To be honest; it worries me...but less so than it probably should, were I a "proper" storage wonk. The truth is that I don't trust "dual controller" systems as the be-all and end-all of high availability either. Dual PSU, dual controller…but that still leaves a mobo, CPU, RAM and other widgets inside those boxes that are single points of failure.
The lack of real-time block-level replication is the thing that ultimately makes me twitchy.
Even if I were to go out and buy an expensive storage array from EMC, Netapp or otherwise, I wouldn't sleep at night unless everything was backed up. Ultimately, that means block-level replication between two storage devices bonded in a cluster using MPIO against at least two switches into two separate controllers on each relevant host.
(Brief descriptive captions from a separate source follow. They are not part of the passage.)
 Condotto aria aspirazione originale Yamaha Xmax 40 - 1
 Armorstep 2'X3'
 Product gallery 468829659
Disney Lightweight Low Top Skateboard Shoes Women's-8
And then I will still take backups with something like a Unitrends box. (HA is not backup!)
So what does the lack of a second controller in this circumstance really mean? If it fails you are down. That's a bummer. It is swappable; you can always keep a spare on hand. You could also keep a spare Drobo on hand, and just swap the disks, but that's getting into "byzantine" territory.
So my take on this is "do no use the Drobo for anything that requires HA storage." Also: "make sure you buy a second controller card and keep it on the shelf." For the majority of my workloads, I don't need HA storage. A half-hour's downtime – even at the height of the year – isn't the end of the world. I also keep backups of everything, so even if the whole thing were to vanish in a puff of smoke – a possibility for any storage array, no matter the vendor – I can recover.
I don't have a problem rolling this out to client sites to prove "scratch space" LUNs for creatives. I also have one going into service as the "volume shadow copy" LUN provider for a pair of physical servers on a client site. (That one has no SSDs; it's just a giant box of storage.)
Like any storage, it is a question of fitness for purpose. The lack of a second controller wouldn't bother me if Drobo were to add block-level replication; I'd rather have two completely separate units in lock-step than I would a single unit with various "redundant" bits.
The dual controller part would take Drobo doing some reengineering to solve. Block-level replication could be done with a software update. Until Drobo make that choice, I feel they are locking themselves out of a wider market that would otherwise give them serious consideration.